Cuanto más grande es un pastel, mayor puede ser la parte de cada uno; igualmente, cuanto más próspera es una economía, será más fácil llevar a cabo políticas sociales audaces. Así que los que deseen prolongar las situaciones adquiridas, los modos de producción superados, los pequeños productores a los que el progreso condena a desaparecer y que frenan así el crecimiento económico, actúan de hecho como antisociales, por puras que sean sus intenciones. El desarrollo económico espectacular que tiempo atrás hemos tenido en España ha ido acompañado de la puesta en práctica de múltiples políticas sociales, que nos han protegido de los infortunios de la existencia, y de inversiones en educación y equipamientos públicos que han proporcionado las condiciones de un crecimiento sostenido.
La prosperidad colectiva es la punta de lanza de lo social, ya que permite obtener los excedentes necesarios para redistribuir. Es preciso concentrar la actividad económica en producciones que requieran un trabajo altamente cualificado. A su vez, este nivel de prosperidad va a hacer posible financiar la inversión educativa que permitirá multiplicar los trabajadores altamente cualificados. Y si la situación de alguno se degrada por los inevitables reajustes del aparato productivo, habrá políticas sociales adecuadas que aportarán correcciones suficientes para que la situación de todos mejore.
Para tener en cuenta la complejidad de nuestro país, de Europa habría que afrontar una realidad en que todas sus formas de progreso no van a la par. Supone admitir que una política social fundada sobre la solidaridad entre ciudadanos iguales y en el reconocimiento de los derechos de quienes atraviesan dificultades no es capaz, en puntos esenciales, de sustituir a formas tradicionales de benevolencia paternalista hacia los débiles. Supondría admitir que la construcción creadora y voluntarista del porvenir no puede borrar toda necesidad de respetar y proteger universos sociales heredados del pasado.
Desde aquí se pide al mundo político y a los constructores de modelos que se sometan a una cura de realismo.
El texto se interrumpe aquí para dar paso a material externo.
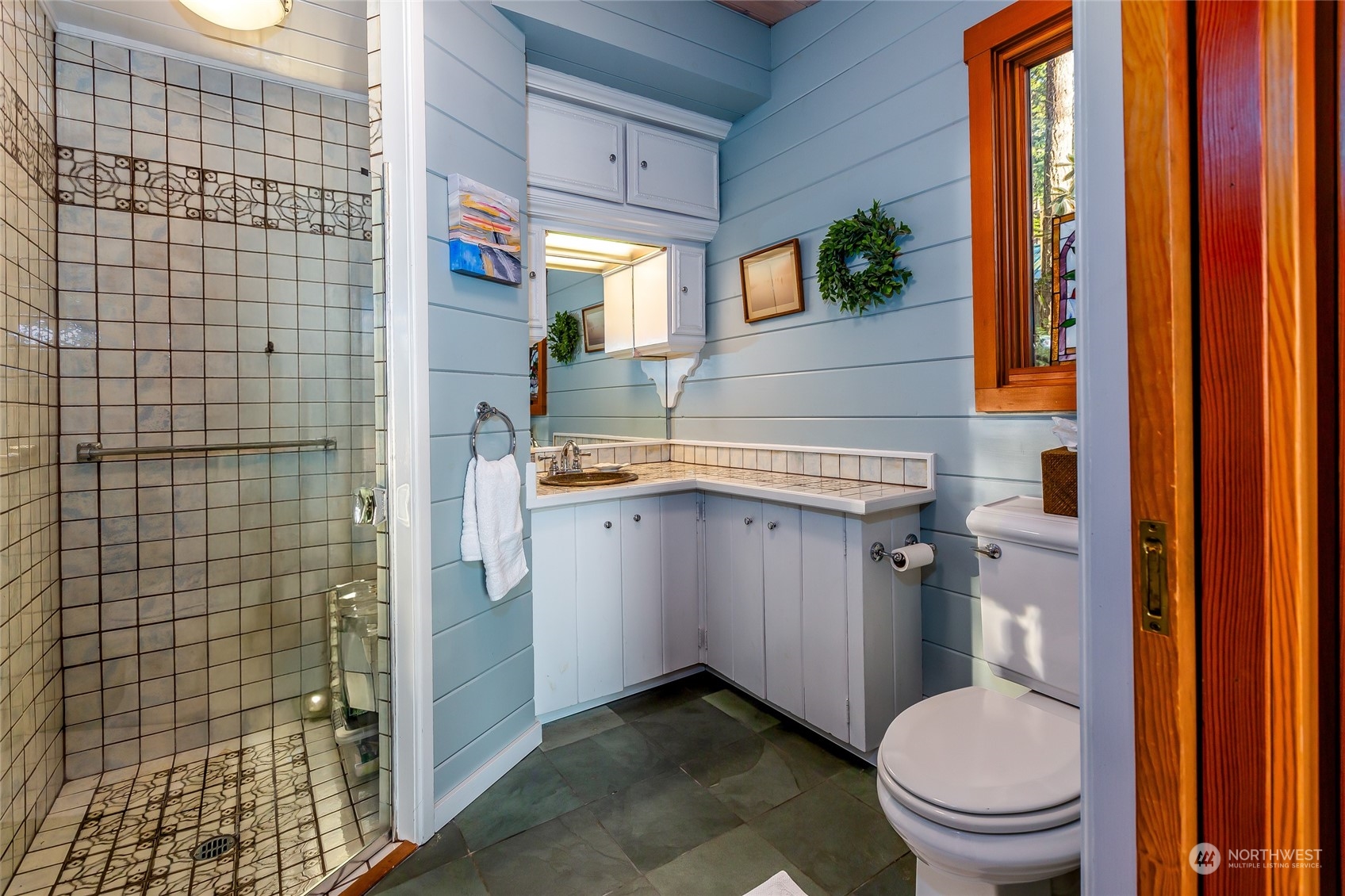 3 Brown Island Property Photo 29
Al concebir nuestra gestión de lo económico es preciso que nos preguntemos cuáles van a ser sus consecuencias sociales. Y debemos hacerlo teniendo en cuenta las realidades de este bajo mundo y nuestra limitada capacidad para corregir mediante políticas sociales, incluso bien dotadas, los desgarrones de nuestra sociedad.
La mejor política social que tenemos en nuestras manos es invertir en la familia, en el trabajo, educación y sanidad. Lo demás vendrá por añadidura. Progreso económico y progreso social deben ir de la mano.